Similar to the Antarctic ice core, the CH4 research project involving the Greenland ice core was initiated earlier as well. At present, numerous Greenland ice cores have been investigated for CH4, including the GISP2 ice core, NEEM ice core, GRIP ice core, and NGRIP ice core [44,50,87]. The timespan of these ice cores is shorter than that of Antarctic ice cores, and they primarily uncover the characteristics of atmospheric CH4 concentration changes since the last ice age. Unlike Antarctica, these ice core records reflect changes in CH4 concentration in the atmosphere at high latitudes in the northern hemisphere and are an important complement to those recorded in ice cores in the southern hemisphere [44,50,87]. Overall, the change trends of CH4 records in Greenland ice cores are very similar to those in Antarctic ice cores. For example, the CH4 data recorded by the GISP2 ice core over the past 110,000 years have shown multiple alternations of CH4 concentrations ranging from 50 ppb to about 300 ppb. This is consistent with the glacial-interglacial CH4 concentration changes of the last glacial period that have repeatedly appeared in Antarctic ice cores. The alternations, known as Dansgaard-Oeschger (D-O) events, are nearly synchronous in time between the Greenland ice cores and Antarctic ice cores, providing a more comprehensive understanding of the global CH4 concentration changes during the last glacial period [44]. CH4 records in ice cores are ideal for calibrating ice core ages because CH4 is well mixed globally and exhibits rapid and significant global synchronous changes during some exceptional events [76,88].
Currently, some prominent features of the Dansgaard-Oeschger (D-O) events, Bølling-Allerød (B-A) and Younger Dryas (YD) events have been recorded based on ice core CH4 concentrations. Researchers have successfully applied these features to age calibrations for several Greenland and Antarctic ice cores dating back to the last glacial age [89,90,91]. Building on the chronological synchronization of ice cores, it has become apparent that temperature changes associated with Dansgaard-Oeschger (D-O) events in Greenland ice cores exhibit a noticeable lag compared to corresponding events in the Antarctic by several millennia [89]. It is also important to note that, due to differing contributions from the northern and southern hemispheres to atmospheric CH4 emissions, the CH4 concentration in Greenland ice cores is typically higher than that in Antarctic ice cores from the same time period. At the same time, the difference in CH4 concentration between the two hemispheres also changes due to the influence of variations in the proportion of CH4 emissions in the tropics and high latitudes of the northern hemisphere. By studying the difference in CH4 concentration between the two hemispheres, researchers can also assess the latitudinal differences in CH4 emissions and further understand the contribution of natural factors to changes in CH4 concentration. This is also an important direction for the current study of CH4 in Greenland ice cores.

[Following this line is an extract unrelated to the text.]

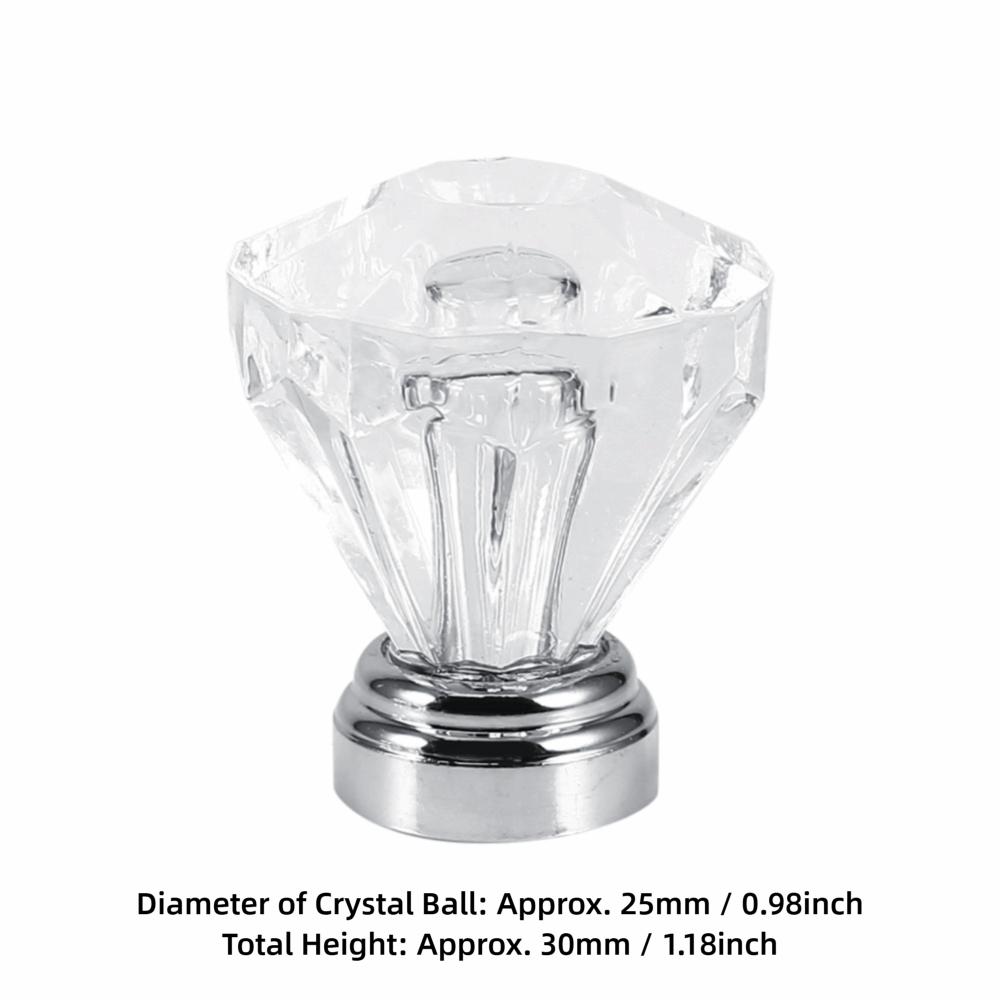 16pcs 25*30mm Cabinet Knobs Crystal Clear Glass Drawer Pulls Diamond Shape Cabinet Handles  Cabinets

Through in-depth analysis of the CH4 concentration gradient difference recorded in the GISP2 ice core and the Taylor Dome ice core in Antarctica during the last glacial period, researchers found that changes in CH4 emissions from the tropics and the cold temperate zone in the northern hemisphere contributed significantly to the change in the CH4 concentration gradient during this period [45,92,93]. In addition, in the early and middle Holocene, the CH4 concentration gradient between Greenland and Antarctica was larger than in other periods. This trend is basically consistent with the trend of glacier retreat leading to the expansion of cold temperate wetlands in the northern hemisphere [41].

4.3. Non-Polar Ice Core

CH4 records from non-polar ice cores also hold significant research value. By studying CH4 records in polar ice cores, we have essentially gained an understanding of the distribution and variation characteristics of CH4 concentrations in the northern and southern hemispheres throughout history. Meanwhile, CH4 records in non-polar ice cores help us delve deeper into the distribution and variation of CH4 concentrations at different latitudes, as well as their spatial distribution and variability [94]. Additionally, for non-polar ice cores situated near areas of human activity, we can gain a better understanding of the impact of human activities on changes in atmospheric CH4 concentration throughout history by conducting relevant research. Finally, by examining the CH4 record in non-polar ice cores, we can establish a more accurate chronological framework for these ice cores. In summary, the investigation of CH4 records in non-polar ice cores contributes to our understanding of historical changes in atmospheric CH4 concentrations on a global scale. It allows us to delve deeper into its relationship with early human activities and to enhance the accuracy of ice core chronology frameworks. At present, there are relatively few studies on CH4 in non-polar ice cores, but some research has garnered attention, including the Colle Gnifetti ice core in the Alps and the Dunde ice core in the Qinghai-Tibet Plateau. In the following sections, we will discuss the research progress on CH4 in these ice cores in detail.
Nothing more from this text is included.